━━━ Data for this exercise

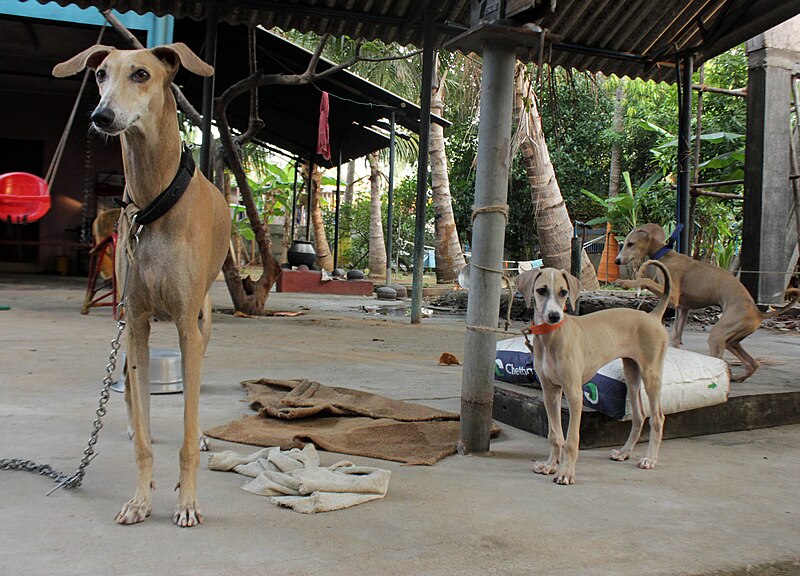 File:Chippiparai with its pup.jpg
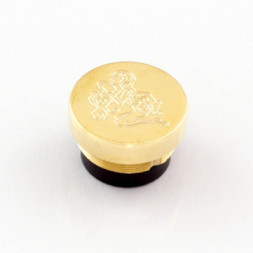 Aquarius Brass Shined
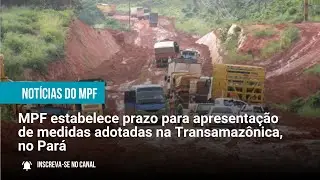 MPF estabelece prazo para apresentação de medidas adotadas na Transamazônica, no Pará  - 06/03/2025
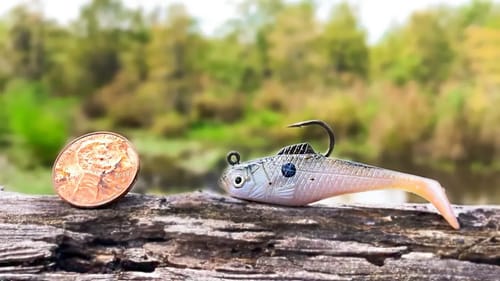 TINY Swimbait Fishing Challenge (Micro Lure)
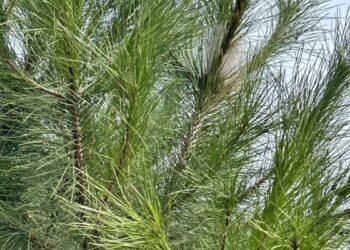 Vecinos de El Olivar y Las Sedas alertan de la aparición de nidos de procesionaria en zonas verdes del barrio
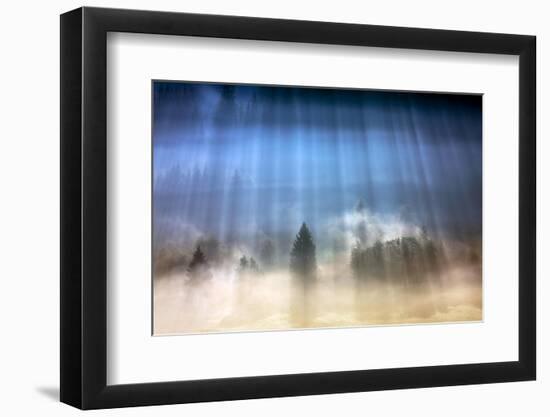 Forest Illumination-Marcin Sobas-Framed Photographic Print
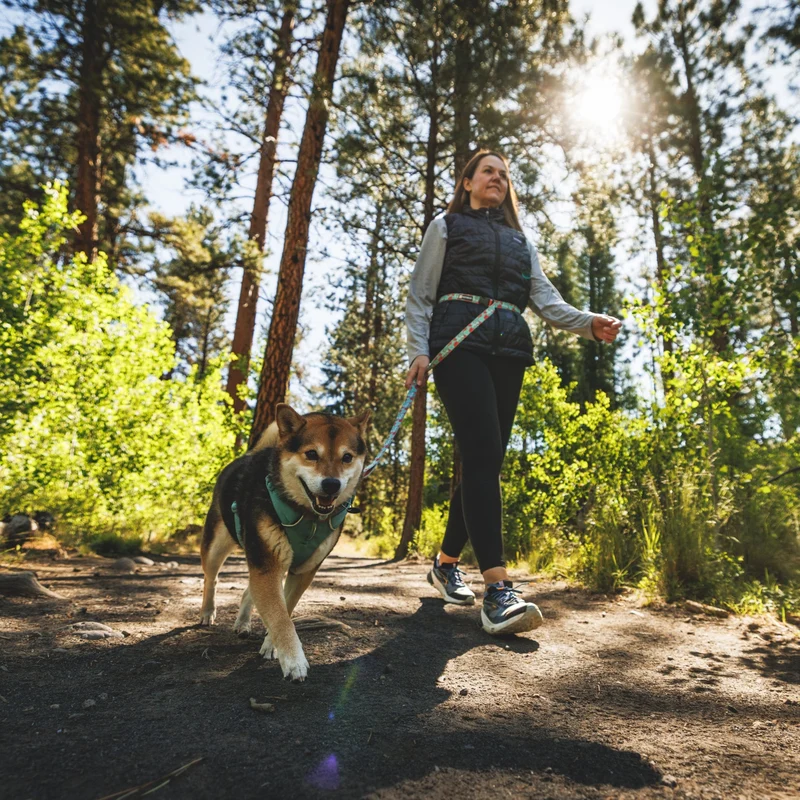 Ruffwear Crag Leash – Strapazierfähige Outdoor-Hundeleine für Wanderungen, Klettern & Abenteuer mit deinem Hund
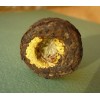 Черный мини шу пуэр с желтой хризантемой «Цзинлун» 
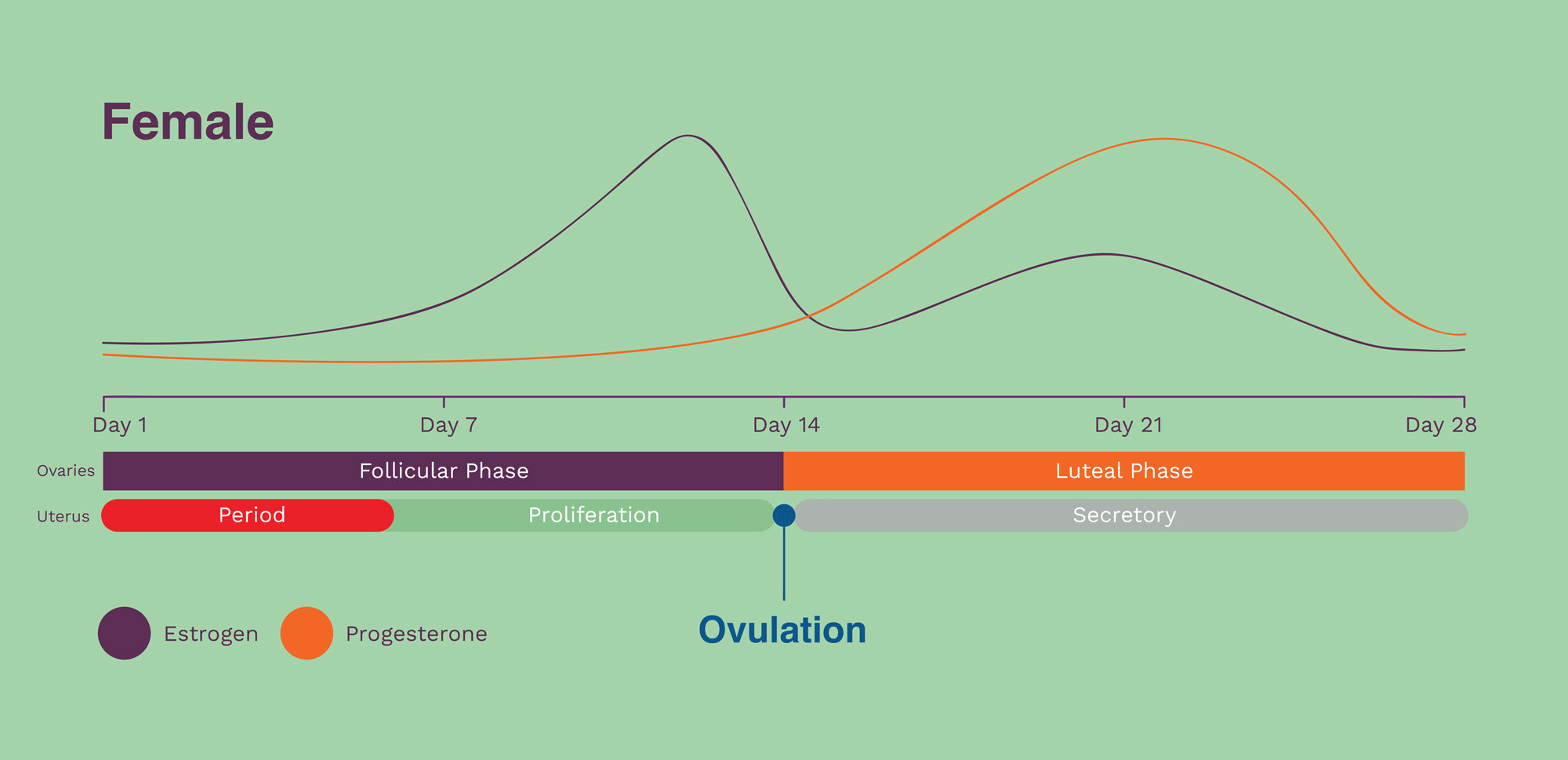 seed-cycling-supplement-seed-cycling-subscription-female-sex-hormones-menstrual-cycle-hormones=progesterone-estrogen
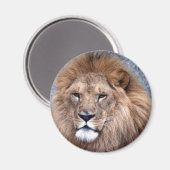 Wildtiere 1 magnet (Vorderseite/Rückseite)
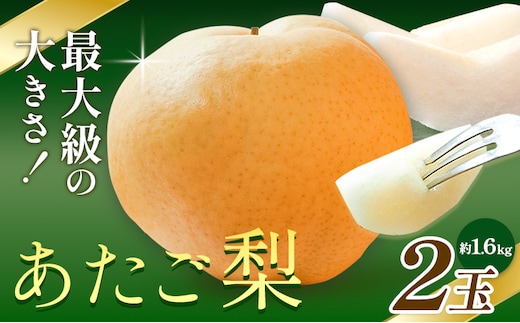 【先行予約】梨 あたご梨 2玉 約1.6kg 株式会社藍《2026年11月中旬-12月上旬頃出荷》 岡山県 浅口市 岡山県産 なし フルーツ 果物 くだもの ナシ 大玉 送料無料---124_3240_11b12a_25_16500_2---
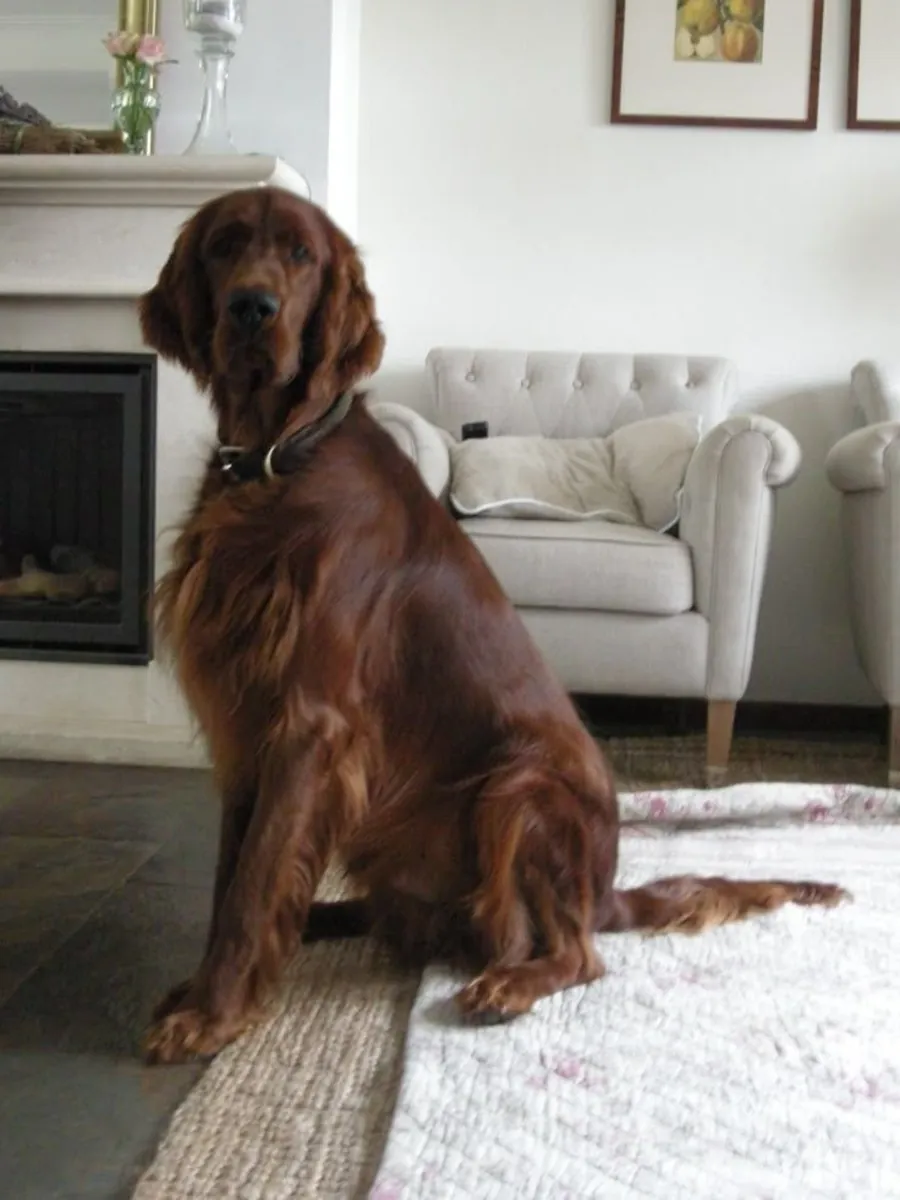 Irish Setter mâle perdu – très sociable et affectueux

━━━━━━

▸ **What to work on**:
When you print the records above, keep them exact and leave out the pictures.

▸ **Expected answer**:
 File:Chippiparai with its pup.jpg
 Aquarius Brass Shined
 MPF estabelece prazo para apresentação de medidas adotadas na Transamazônica, no Pará  - 06/03/2025
 TINY Swimbait Fishing Challenge (Micro Lure)
 Vecinos de El Olivar y Las Sedas alertan de la aparición de nidos de procesionaria en zonas verdes del barrio
 Forest Illumination-Marcin Sobas-Framed Photographic Print
 Ruffwear Crag Leash – Strapazierfähige Outdoor-Hundeleine für Wanderungen, Klettern & Abenteuer mit deinem Hund
 Черный мини шу пуэр с желтой хризантемой «Цзинлун» 
 seed-cycling-supplement-seed-cycling-subscription-female-sex-hormones-menstrual-cycle-hormones=progesterone-estrogen
 Wildtiere 1 magnet (Vorderseite/Rückseite)
 【先行予約】梨 あたご梨 2玉 約1.6kg 株式会社藍《2026年11月中旬-12月上旬頃出荷》 岡山県 浅口市 岡山県産 なし フルーツ 果物 くだもの ナシ 大玉 送料無料---124_3240_11b12a_25_16500_2---
 Irish Setter mâle perdu – très sociable et affectueux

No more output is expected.